→ Work order
Instruction for the entries below: return the part that opens with the line containing "JT5452-pink Tas Handbag" and closes with the line containing "auto_XG's tweet photo.", exactly, and no pictures.

→ Supplied records
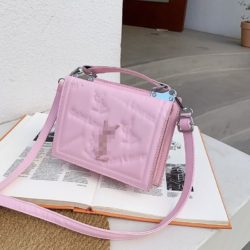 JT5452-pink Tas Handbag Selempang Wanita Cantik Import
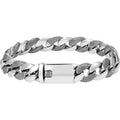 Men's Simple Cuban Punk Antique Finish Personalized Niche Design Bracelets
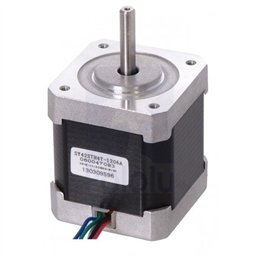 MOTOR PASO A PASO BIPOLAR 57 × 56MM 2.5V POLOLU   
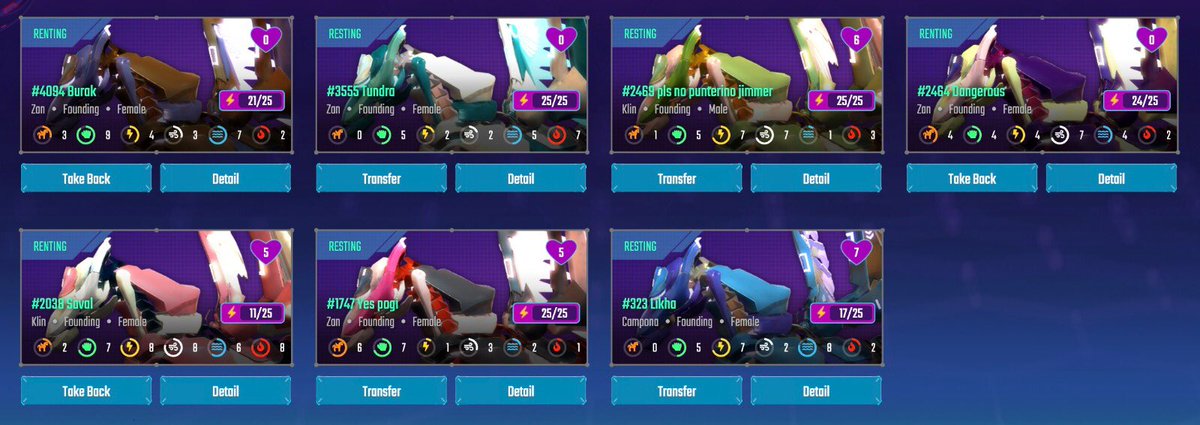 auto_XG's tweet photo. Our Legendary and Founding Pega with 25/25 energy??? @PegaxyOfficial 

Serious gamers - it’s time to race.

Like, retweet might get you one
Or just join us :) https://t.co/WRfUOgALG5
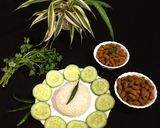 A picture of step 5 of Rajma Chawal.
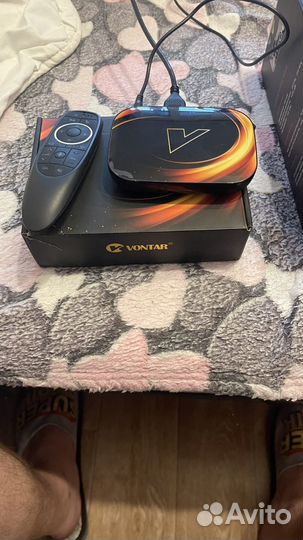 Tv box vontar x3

--

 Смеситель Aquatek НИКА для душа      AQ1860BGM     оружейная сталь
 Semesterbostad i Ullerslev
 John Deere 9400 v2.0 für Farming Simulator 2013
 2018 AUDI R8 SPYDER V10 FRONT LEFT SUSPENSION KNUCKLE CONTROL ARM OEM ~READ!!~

→ Your response
 JT5452-pink Tas Handbag Selempang Wanita Cantik Import
 Men's Simple Cuban Punk Antique Finish Personalized Niche Design Bracelets
 MOTOR PASO A PASO BIPOLAR 57 × 56MM 2.5V POLOLU   
 auto_XG's tweet photo. Our Legendary and Founding Pega with 25/25 energy??? @PegaxyOfficial 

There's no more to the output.